Well, ANGRY JESSICA, it was wonderful hearing your commentary and thanks for giving me a little chuckle! Please stop by again, since my blog is public and open to your angry thoughts. I noticed you have your own blog set to private and it makes me a little curious. Since you seem to have strung together a rather large load of hypocracy and terrible grammar in just one small paragraph, I doubt it's anything worth reading.

9.15.2007

O NO! Mo' Kitties!

























I'm running into these lolcat things everywhere, and I'm beginning to fear that there are cats all over America constantly under the spotlight of a digital camera, while their owners maniacally wait for them to do something cute.

Anyways, these are my current findings. Enjoy! ♥

9.09.2007

On a sillier note...































I saw these on ROFLcat.com, so I thought I should share them with you.

My personal favorite is Invisible Shopping Cart.

9.08.2007

Where you are is where I belong.

SIDE NOTE

I miss (Tim) so damn much! I ask whatever God there may be... I ask with my hands raised high above my frustrated head...

Is it asking too much to see him just once?

I see other Warehouse Boys all the time.

It seems somehow terrible to me, but no men named Tom, Gustavo, Ben *or otherwise* are ever going push him out of my head... so it seems.


I feel like I'm crazy, but what if I really did walk away from the only true connection I ever had? Why do I dream about him? Why do I think about him?
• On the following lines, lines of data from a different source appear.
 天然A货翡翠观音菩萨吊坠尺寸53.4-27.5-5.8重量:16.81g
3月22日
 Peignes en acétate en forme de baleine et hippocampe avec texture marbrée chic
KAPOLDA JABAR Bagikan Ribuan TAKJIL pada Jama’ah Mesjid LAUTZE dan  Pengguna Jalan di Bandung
Why?!

Sometimes, if I'm having a bout with insomnia, I think about his smile. It makes me feel safe.

For christ sakes. I'm telling this to the 'net cause I have to say it. I've internalized this for so long. I need an outlet. I'm still in love with him. How, exactly, and why?


Where are you going?
With that long face pulling down
Don't hide away

You are like an ocean
That I can't see but I can feel
Your waves crash down...

I am no super man
Not at all
And I have no answers for you
I am no hero
Oh, and that's for sure

But I do know one thing
Where you are is where I belong.
I do know where you are is where I want to be.

Where are you going?
Where do you go?

9.01.2007

Sometimes I find it's better to be somebody else.

Is this a Squirrel Pirate, or a Pirate Squirrel? You decide.
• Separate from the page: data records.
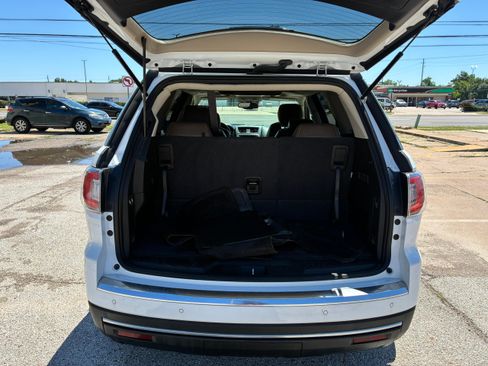 Used 2017 GMC Acadia Limited SLT AWD/4WD image 15
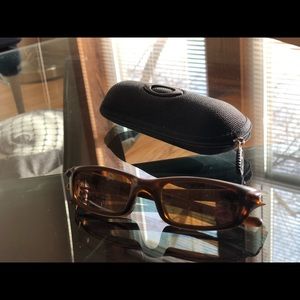 Oakley Women’s Sunglasses Vintage 90’s USA Made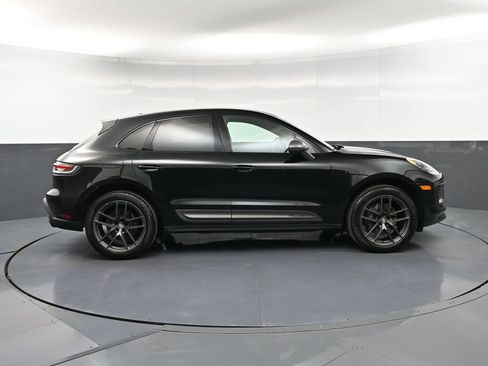 Certified 2023 Porsche Macan Turbo AWD/4WD image 9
I've been feeling a little disassociative lately. It's all the dressing up and enthusiastic smiling and trying so darn hard to be "Focused, Commited, HUMAN FIREWALL Katie". Yes, that's right, we need to see ourselves as human firewalls. It sounds kind of like a super hero, so I'm down with it.


Here again, I'm not going to delve into the new job too much because while I'm mostly afraid of some kind of jinx... it has more to do with the sensitive nature of the vocation. You understand. I will say that I have been extremely stressed out, with much cause. All I can do is be optimistic and work hard, right? I hope. Gahd, I really really hope it's enough.
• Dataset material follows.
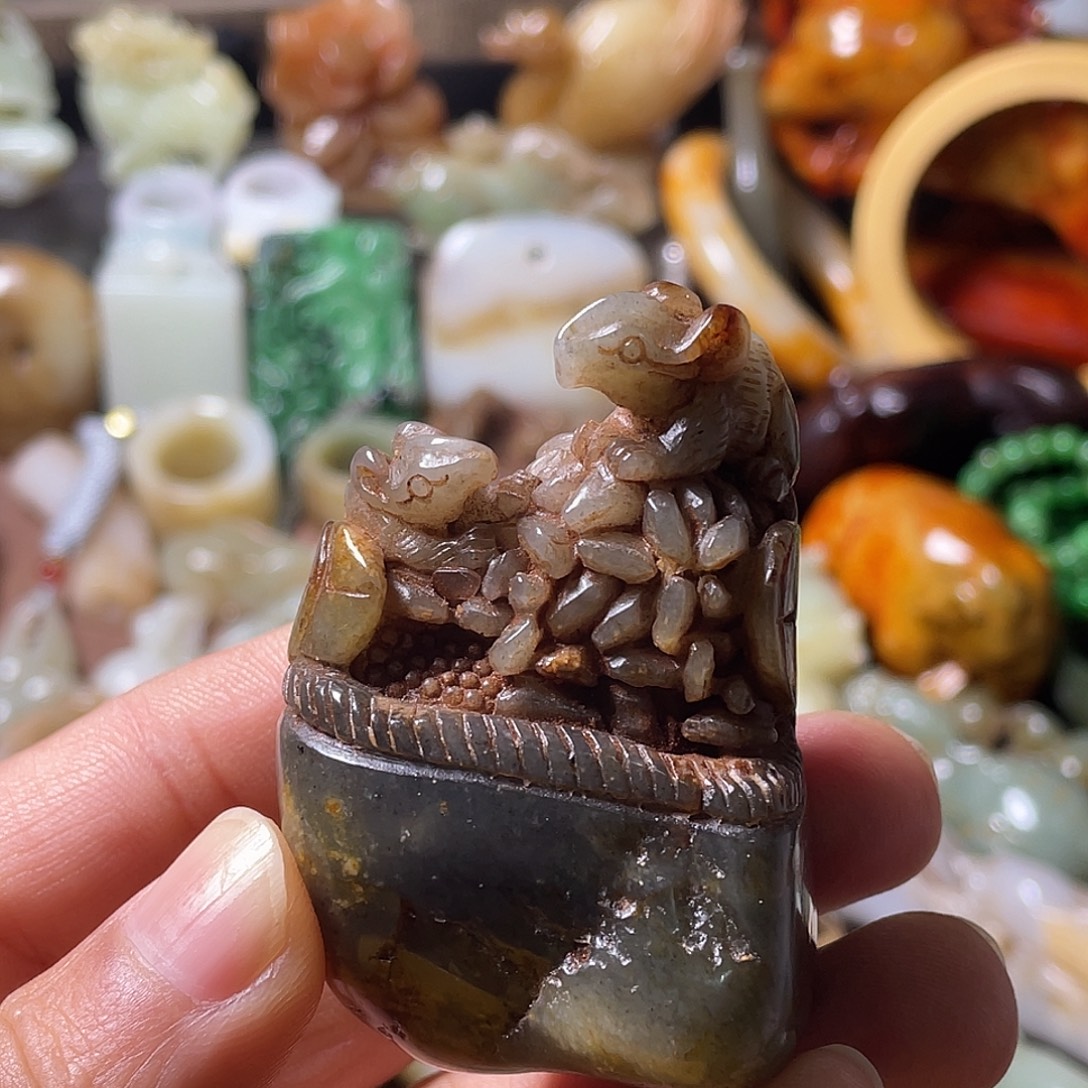 祥***云和田玉（糖玉）未镶嵌颈饰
I don't have a computer yet (sad face), I happen to be at my aunts house giving both you and my Ipod a much needed update. It looks like a new PC may be on the horizon, however (happy face).


I'm also thinking about getting some kind of Iphone or Ipax so that I can completely avoid the temptation to surf at work. If it saves my bum, it just might be worth the investment... since I lack in the self-control department. You know this especially, G-masta.


Anyhoo, it will suffice to say that my life is extremely transitional at the moment, and I'm putting in my best effort. Again, wish me luck, I may even ask for prayers at this point.